INFORMATION SHOWN:
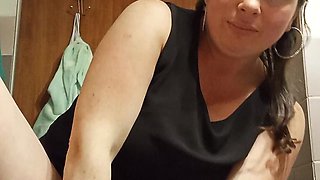 Stepmom Masturbates in Toilet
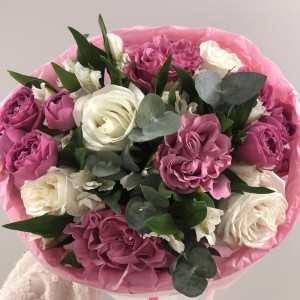 Яркий и незабываемый букет роз Bloom Room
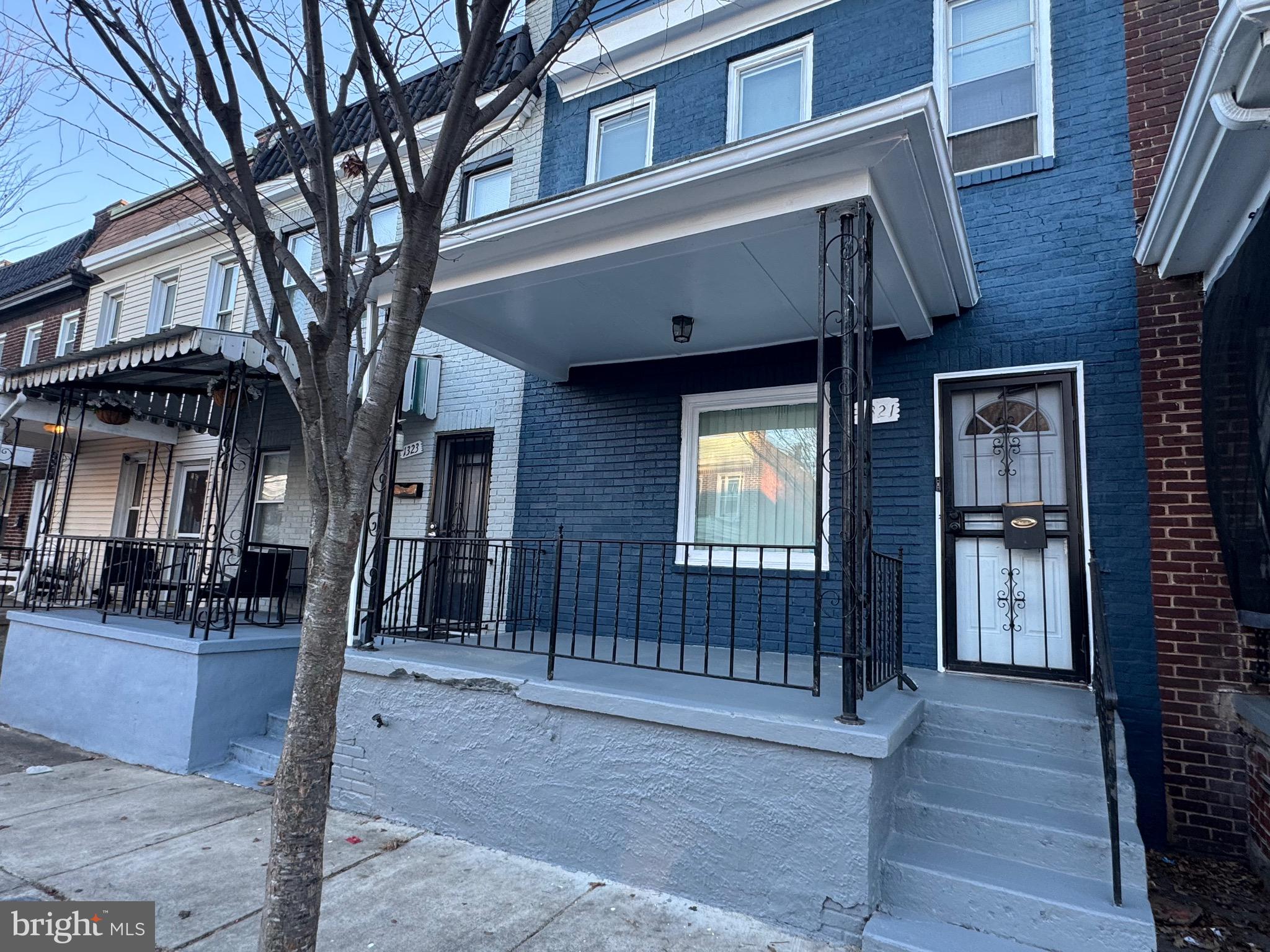 1321 Cambria Street Baltimore, MD 21225 - Photo 3 of 38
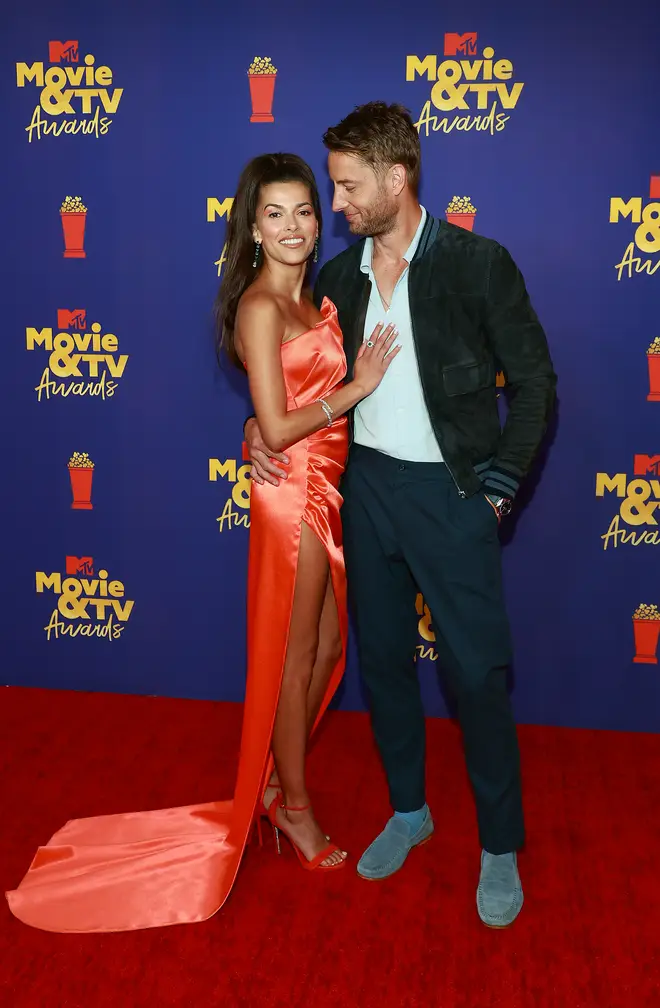 Justin Hartley and Sofia Pernas wore matching wedding rings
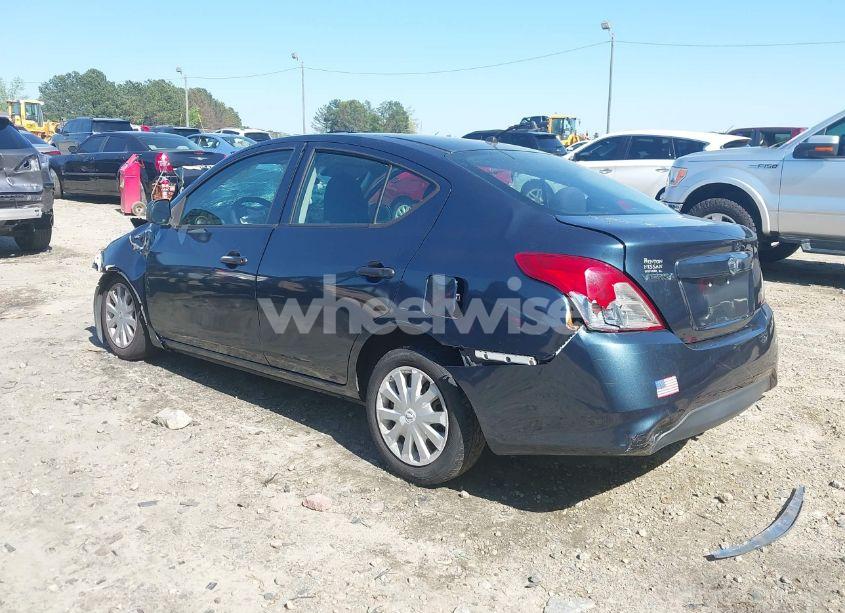Photo 3 of 2015 Nissan Versa 1.6 S (VIN 3N1CN7APXFL813704)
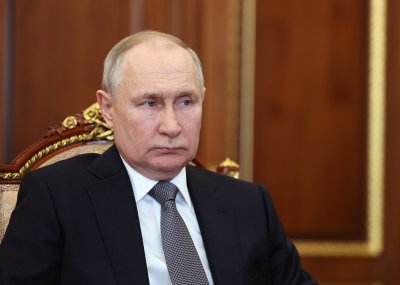 Лек спад в одобрението към Путин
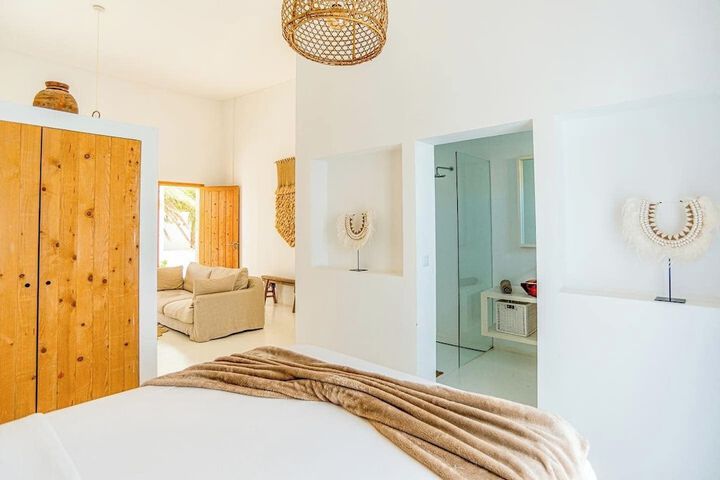 Room 44 of 64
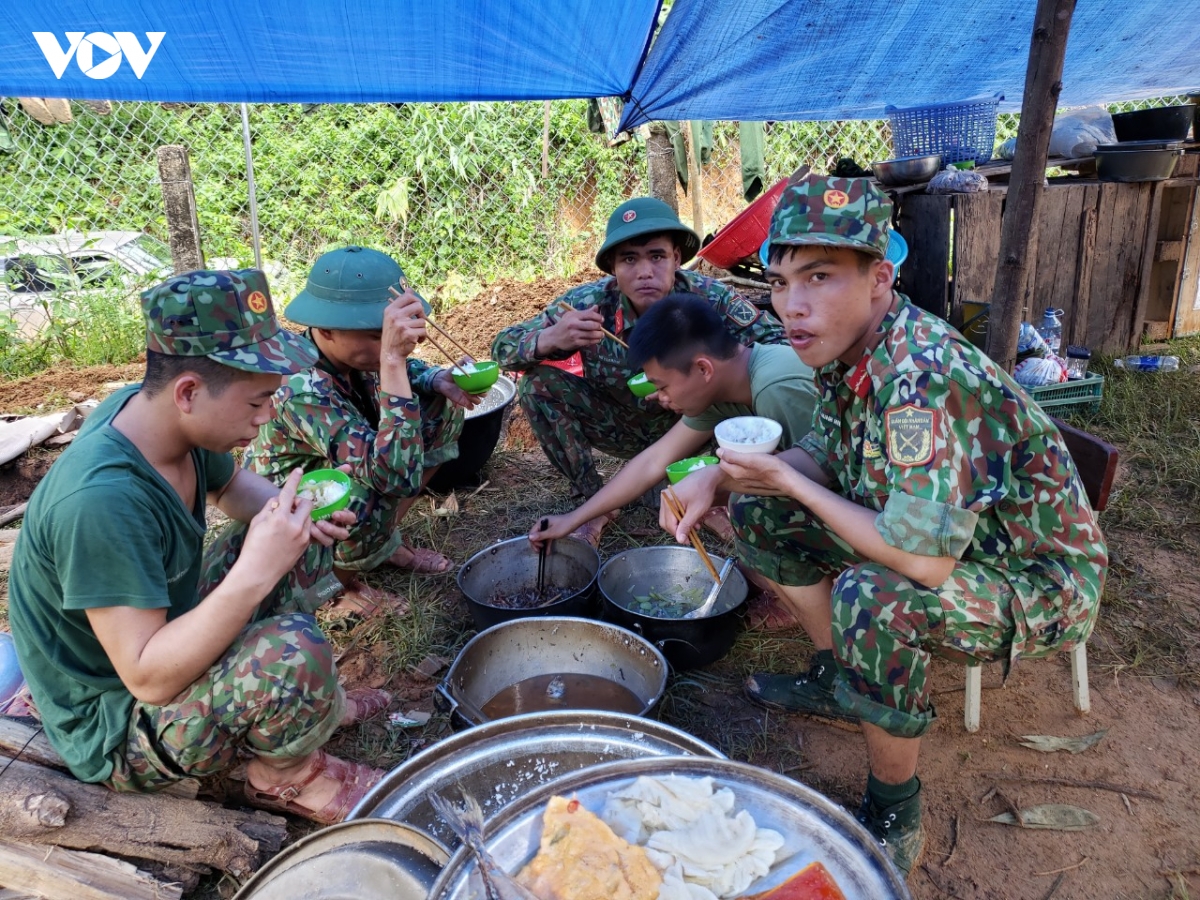 mua lu, sat lo dat o quang nam da lam 44 nguoi chet va mat tich hinh anh 13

INSTRUCTIONS TO FOLLOW: Now repeat exactly the lines from the one with "Justin Hartley and" through the end of the listing above, both included, omitting all pictures.

THE COMPLETED TASK:
 Justin Hartley and Sofia Pernas wore matching wedding rings
Photo 3 of 2015 Nissan Versa 1.6 S (VIN 3N1CN7APXFL813704)
 Лек спад в одобрението към Путин
 Room 44 of 64
 mua lu, sat lo dat o quang nam da lam 44 nguoi chet va mat tich hinh anh 13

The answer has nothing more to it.